4. Prosecutorial Misconduct. The gravamen of the improper-comments complaint seems to be that the prosecutor improperly referred to the amount of taxes owed and paid for the taxable year in question or in previous years. The evidence to this effect had been properly admitted, over objection, as probative of the willfulness and intent requisite for the offense. See, e.g., United States v. Farber, 630 F. 2d 569, 571-72 (8th Cir. 1980), cert. denied, -- U. S. --, 101 S. Ct. 946, 67 L. Ed. 2d 114 (1981). We have some difficulty in understanding as raising an arguable issue Rice's contentions that the prosecutor's dispassionately stated arguments justifying admission of this evidence in the face of the defendant's objection, or his questions electing such testimony, constituted improper prosecutorial comment.

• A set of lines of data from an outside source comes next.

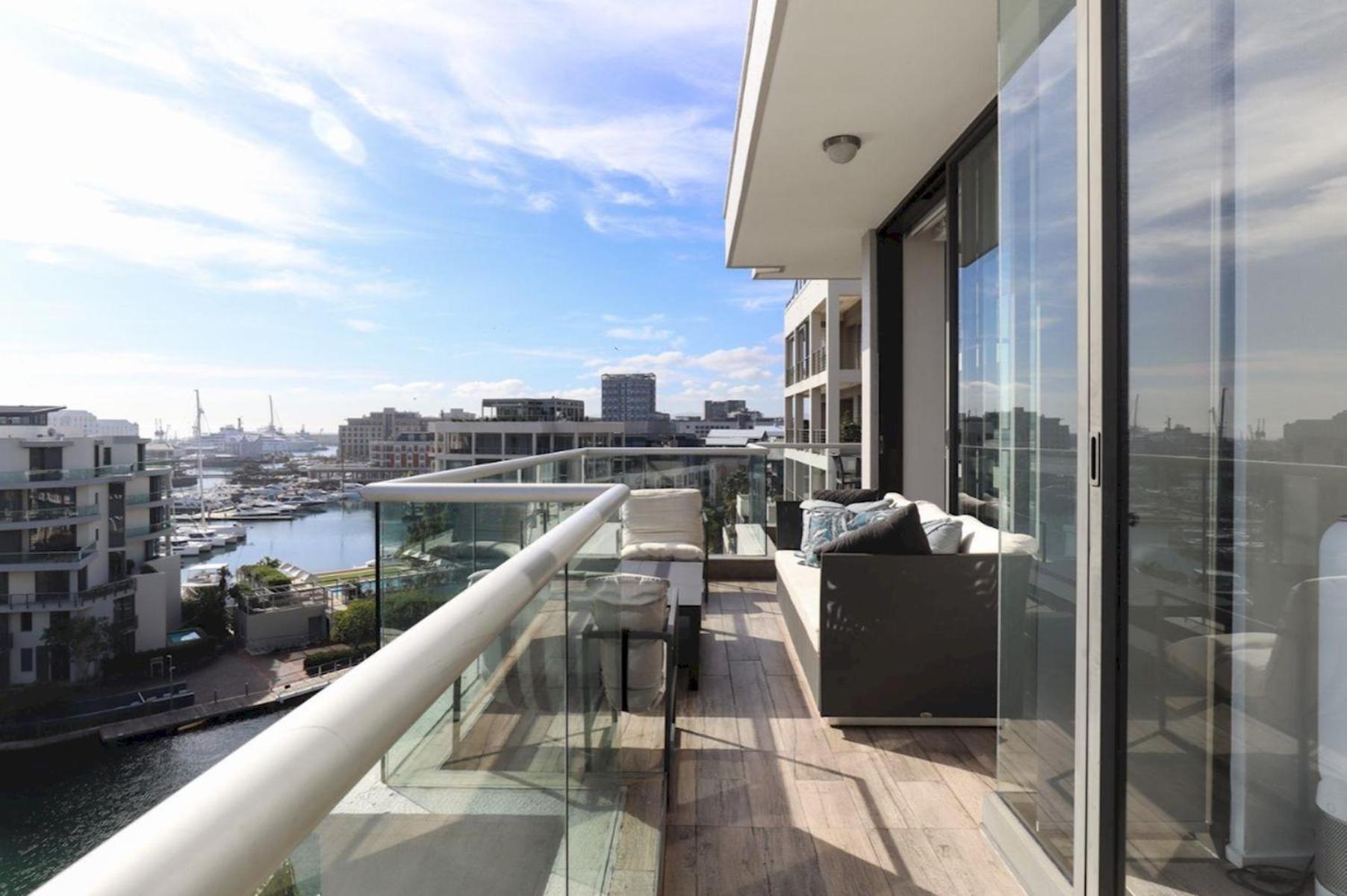 Precinct Corner Two Bedroom Waterfront - 511 * Cape Town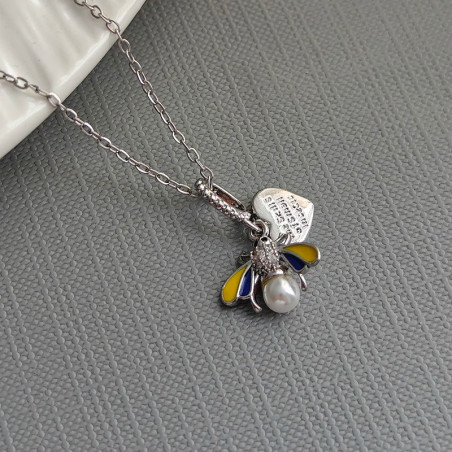 Detailed view of Silver Bee Honey Pearl Necklace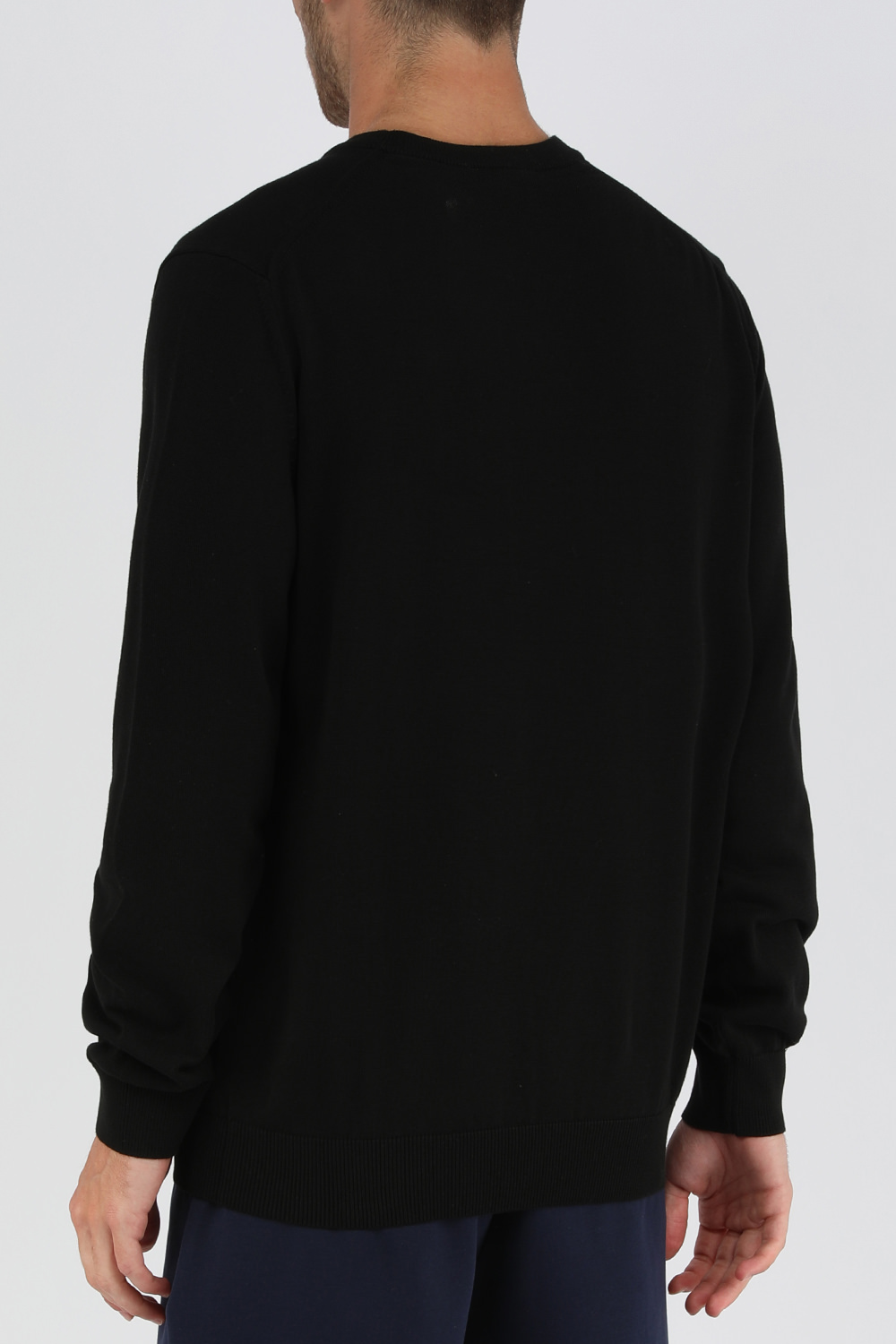 תמונת דוגמן אחורית של סריג שחור עם לוגו תנין רקום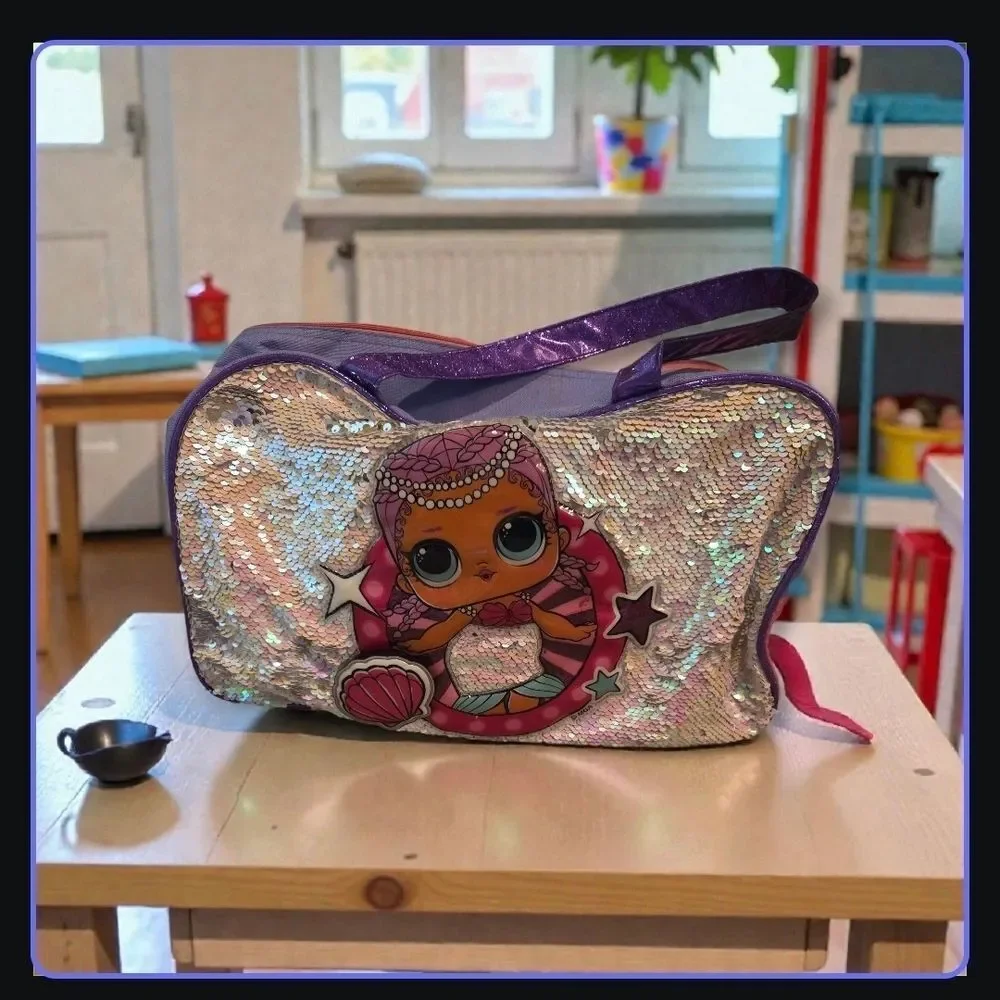 L.O.L. Surprise! Glittery Doll Set with Purple Handle - Picture 4 of 6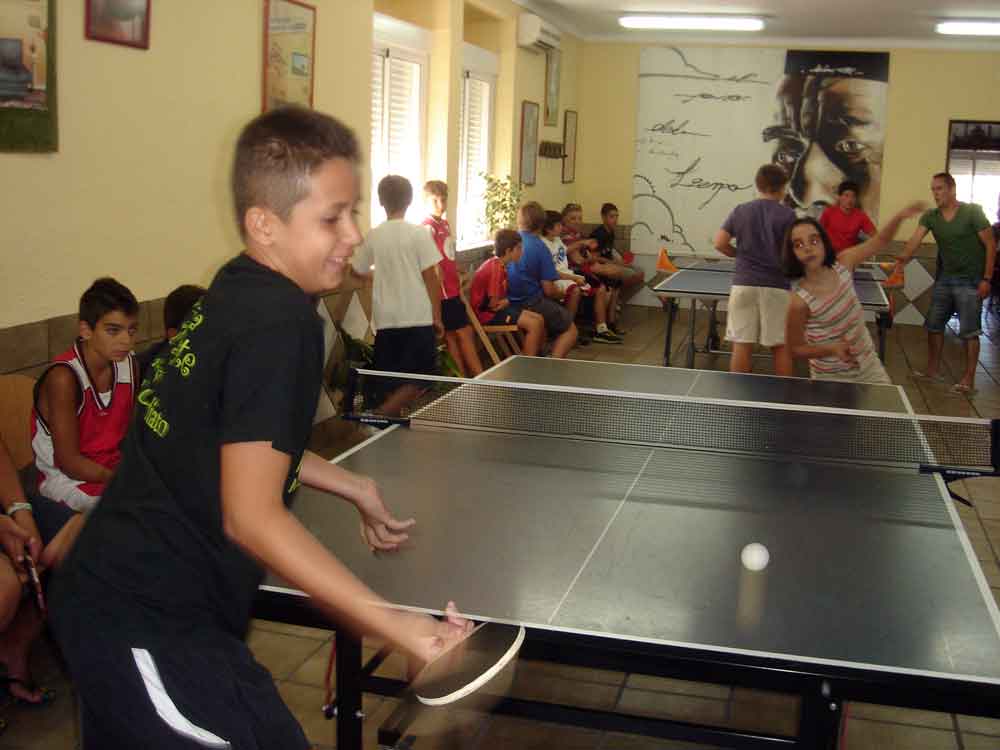 Campeonato infantil de tenis de mesa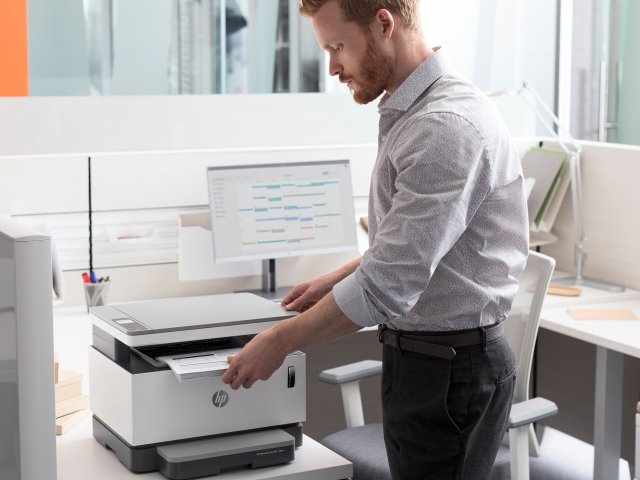 První laserová tiskárna bez tonerové kazety je v prodeji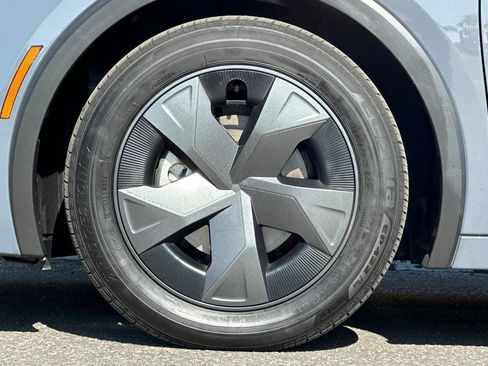 Used 2025 Toyota Prius LE image 27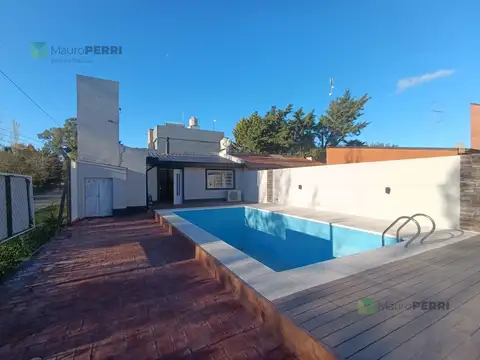 Quinta en 8 e/ 650 y 651 Sicardi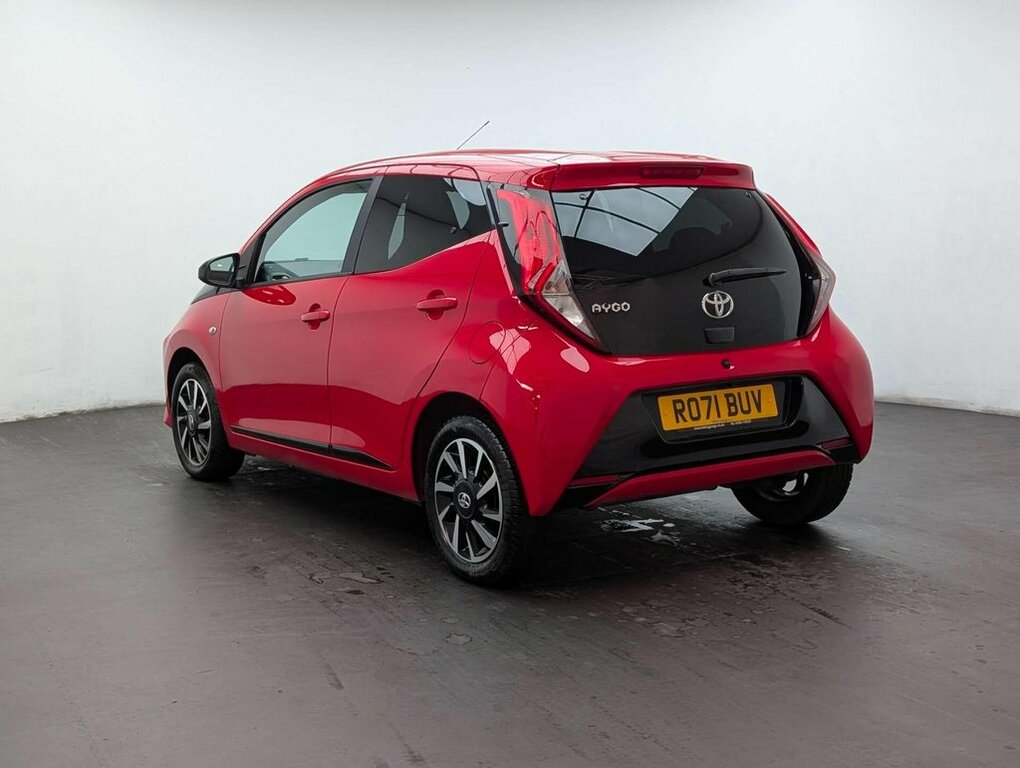 Toyota Aygo X 1L X-trend Red #6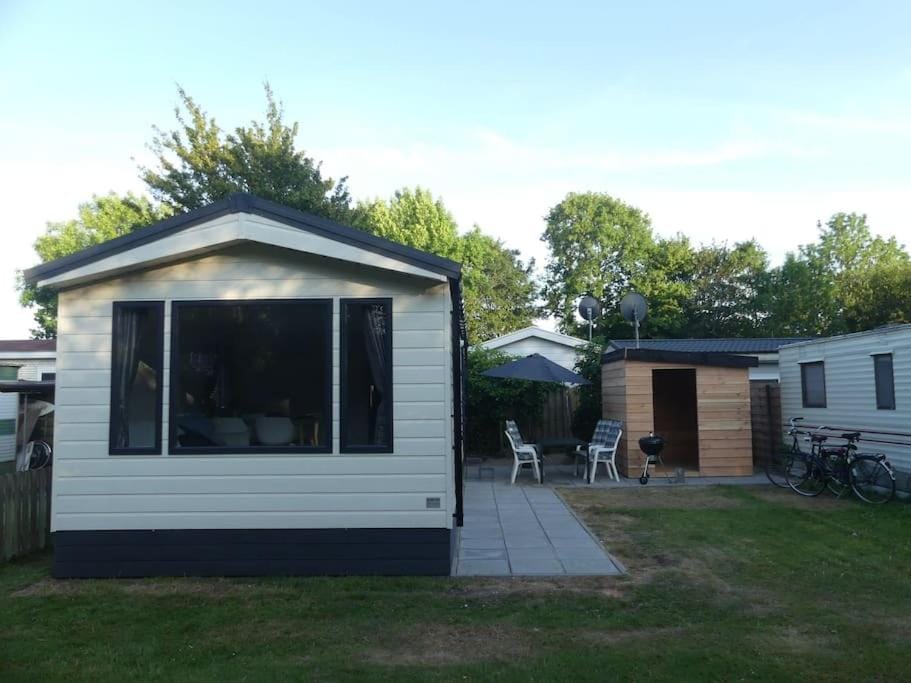 Chalet in Makkum - K118 Chalet in Friesland, Netherlands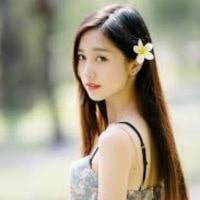 Khách hàng Linh Trần sử dụng gen nịt bụng latex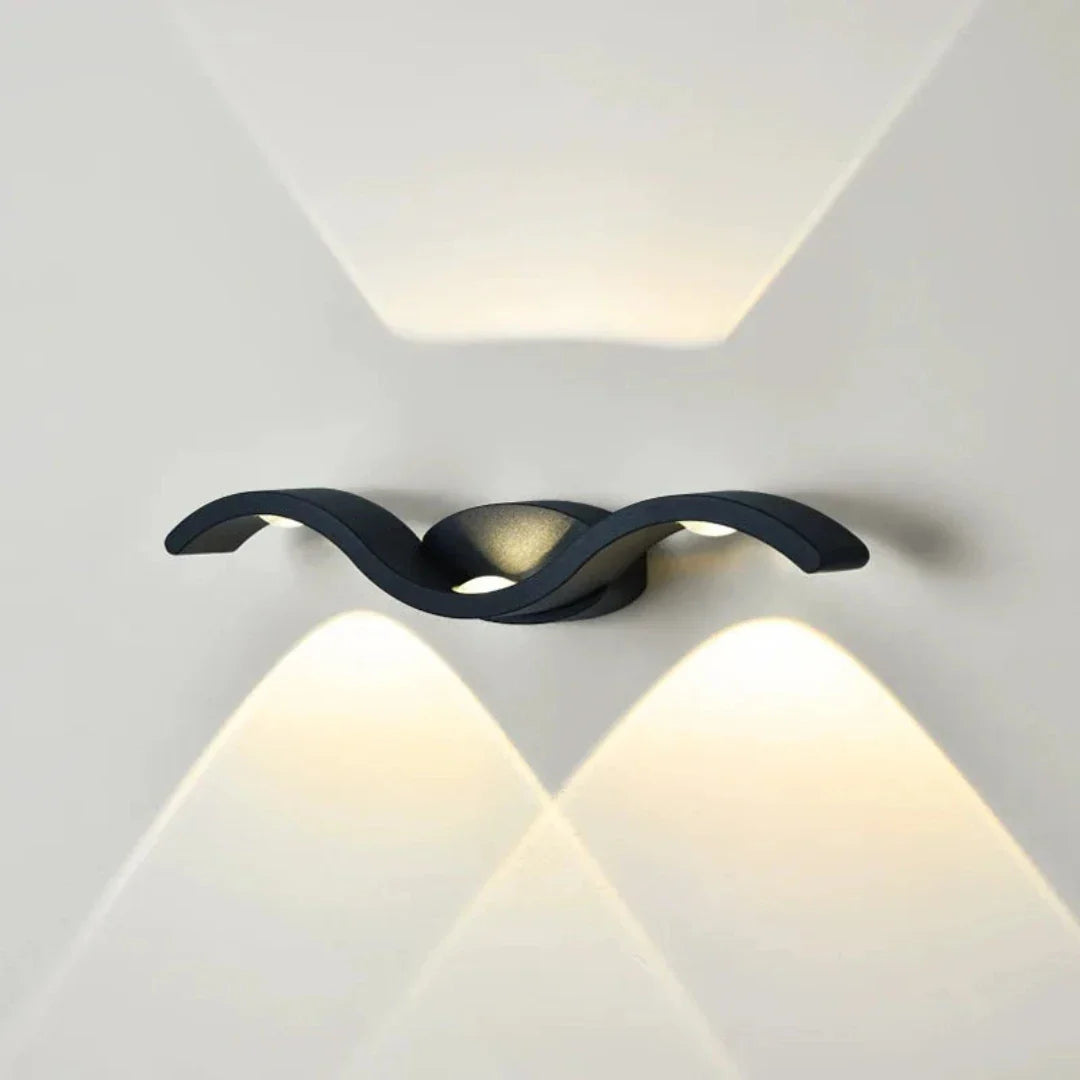 Royaleva Illuminaire Modern Wall Lamp - Elegant Design with Functional Lighting - Black / Warm light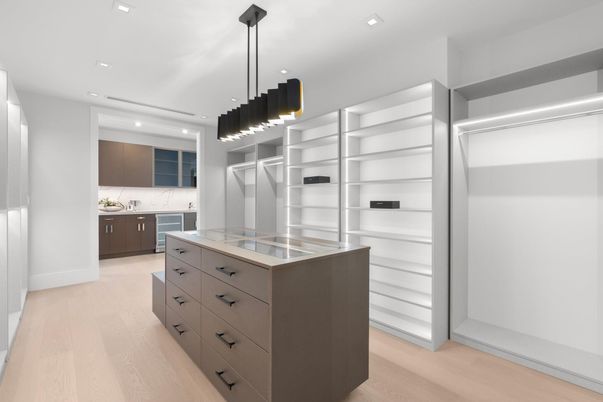 Interior, Kitchen, Pendant Lights, Recessed Lighting, Walk-in Closets, Wood Texture Flooring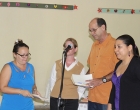 Lourmary Rodríguez, Rocío Fernández, pastor Samuel Hernández y Patricia de la Paz (de izquierda a derecha) cantando La canción de la alegría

There is slightly more substance to Rice's complaint of the prosecutor's statement, in closing argument after summarizing the evidence, that: "The long and short of it is that Mr. Rice has chiseled on his income tax." However, the defendant did not object to it at the time; in context, it seems to have been the prosecutor's argument that the evidence was open to the conclusion he stated; in the absence of objection at that time, which could have secured curative admonition (if needed), we are unable to say that the conclusory comment was obvious or "plain" error affecting the substantial rights of the defendant, Fed. R. Crim. P. 52(b), so as to require reversal even in the absence of trial objection as seriously affecting the fairness of the trial. United States v. Cormier, 639 F. 2d 1177, 1183 (5th Cir. 1981).

5. Rice Not a "Person"? Finally, Rice contends that he is not a "person" required to file an income tax return by 26 U. S. C. 7203, for violation of which he was convicted. He points out that 26 U. S. C. 7343 provides that a "person", for such purposes, "includes an officer or employee of a corporation, or a member or employee of a partnership" (emphasis supplied) who has the duty to file such a return. In a nigh frivolous non-sequitur, Rice concludes from the statutory language that "[o]bviously, Section 7343 does not include the term 'natural person'." Def. brief, p. 25. Perhaps so. Even more obviously, however, the statutory provision was not intended to exclude individual or to limit the ordinary meaning of the term "person" so as to exclude individuals or "natural persons", in counsel's phrase, from their responsibility to comply with the tax laws.

Conclusion

Finding no merit to the defendant Rice's contentions, we AFFIRM his conviction.

AFFIRMED.

* Former Fifth Circuit case Section 9(1) of Public Law 96-452--October 14, 1980.